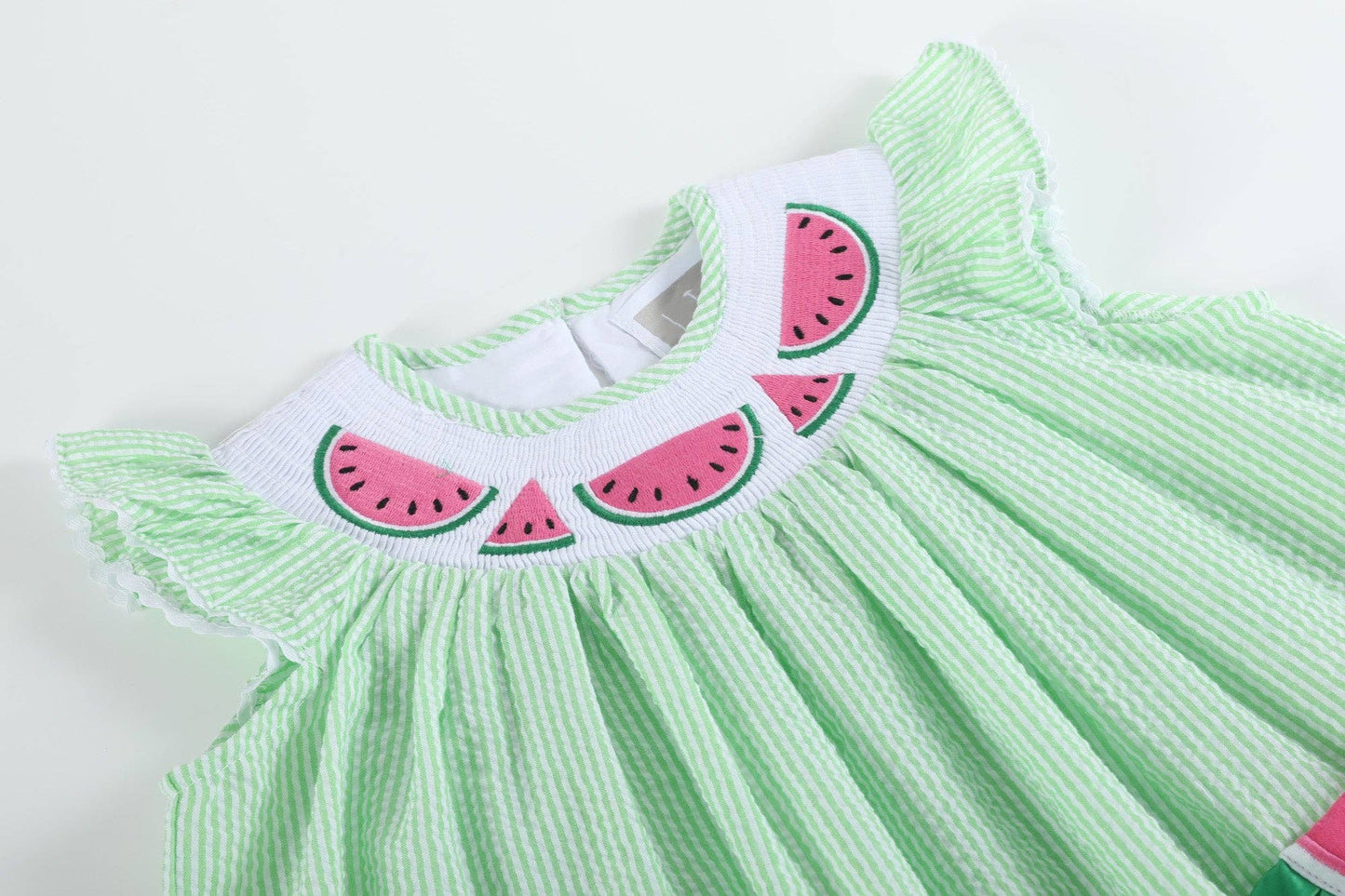 Lil Cactus Green Seersucker Watermelon Smocked Bishop Dress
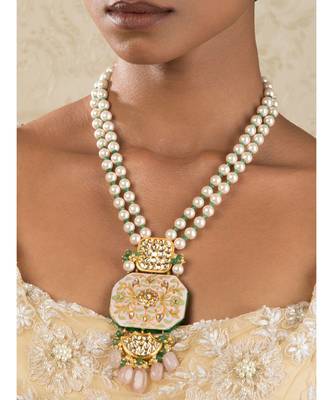 Ethnic Bling Enamelled White And Gold Kundan  Jade Drops  Pearls Necklace 1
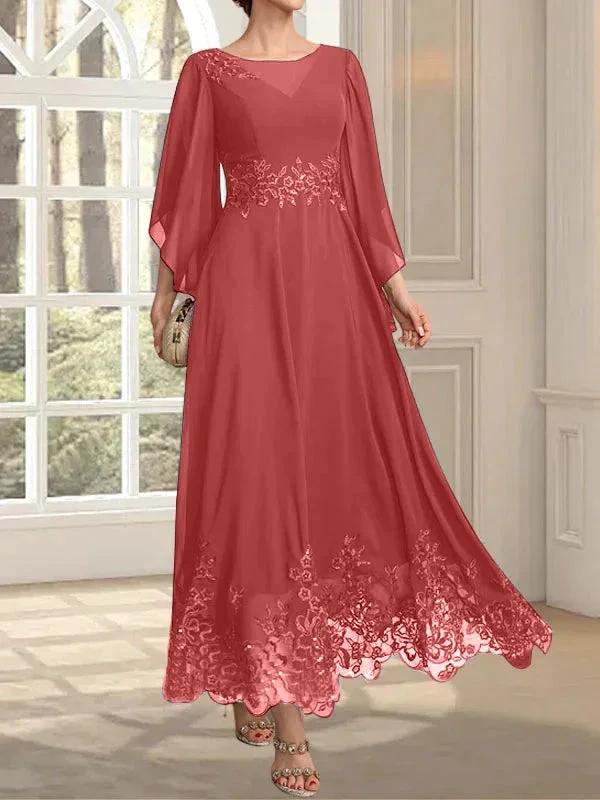 A-line Scoop Illusion Ankle-Length Lace Chiffon Mother of the Bride Dress With Sequins by Dreamylily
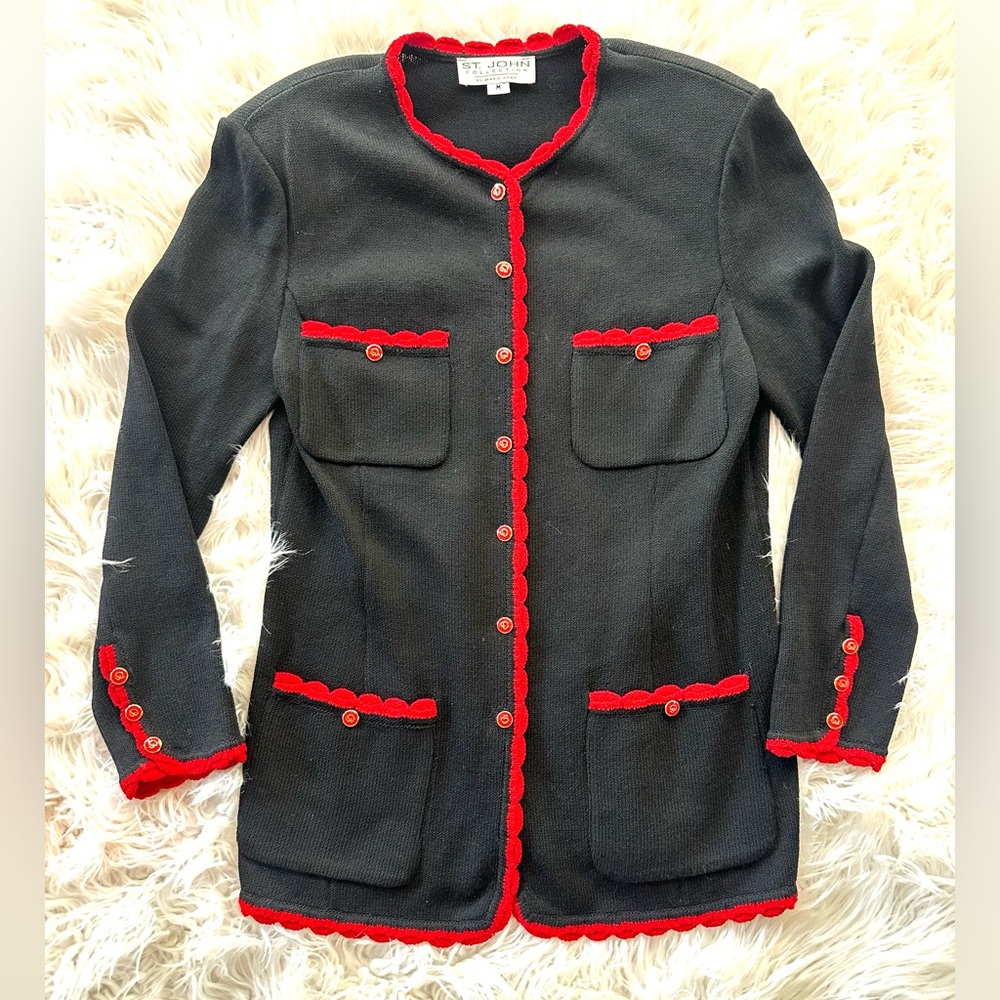 ST John Scalloped Trim Knitted Jacket Womens SZ MD  Black Red Holiday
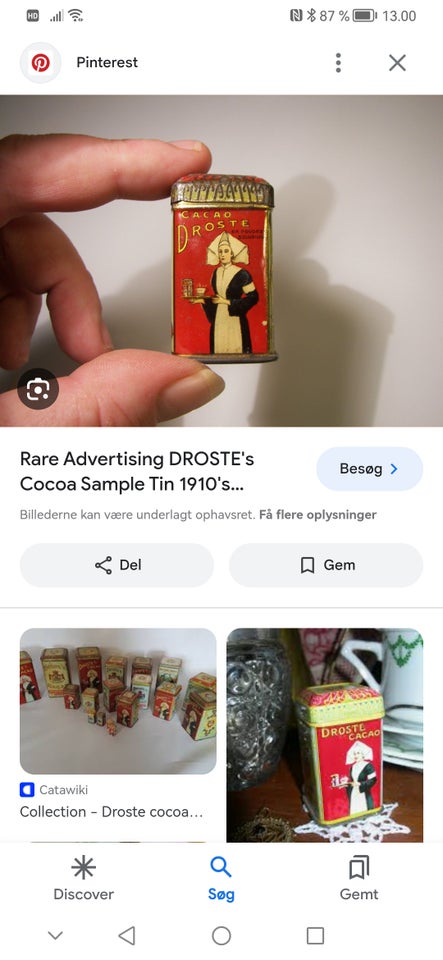 Droste cacao miniature Tin 110 år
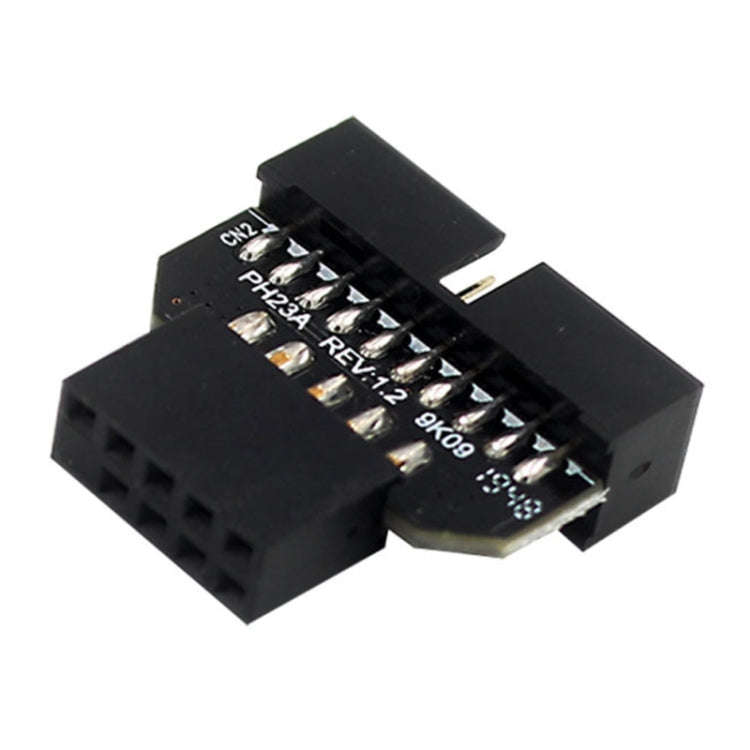 10 PCS Motherboard USB 2.0 9Pin to USB 3.0 19Pin Plug-in Connector Adapter, Model:PH23A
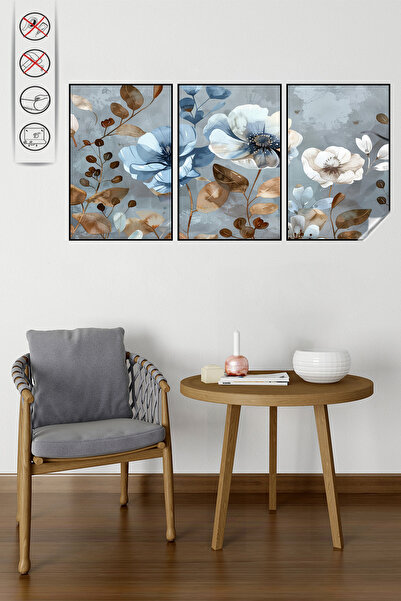 Akıllı Kağıt Statik Tutunma Özellikli Tablo - Poster Çiçek (Model- 37)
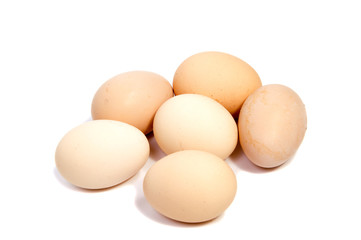 Broken egg in eggshell half and raw egg isolated on white background cutout
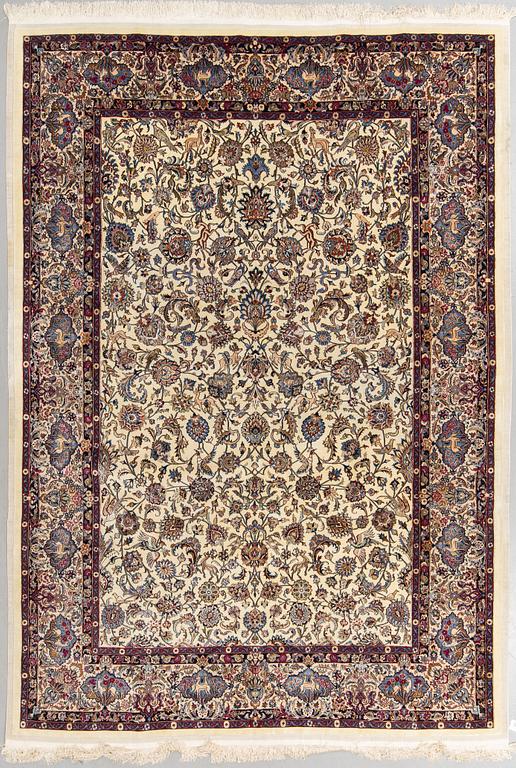 A carpet, Mashad, figural, part silk, ca 359 x 250 cm.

******************************

Aim of the task:
In the listing above, find the line containing "ST John Scalloped" and the line containing "Broken egg in"; print those lines and every line between them exactly, leaving out pictures.

Problem solution:
 ST John Scalloped Trim Knitted Jacket Womens SZ MD  Black Red Holiday
 Droste cacao miniature Tin 110 år
 10 PCS Motherboard USB 2.0 9Pin to USB 3.0 19Pin Plug-in Connector Adapter, Model:PH23A
 Akıllı Kağıt Statik Tutunma Özellikli Tablo - Poster Çiçek (Model- 37)
 Broken egg in eggshell half and raw egg isolated on white background cutout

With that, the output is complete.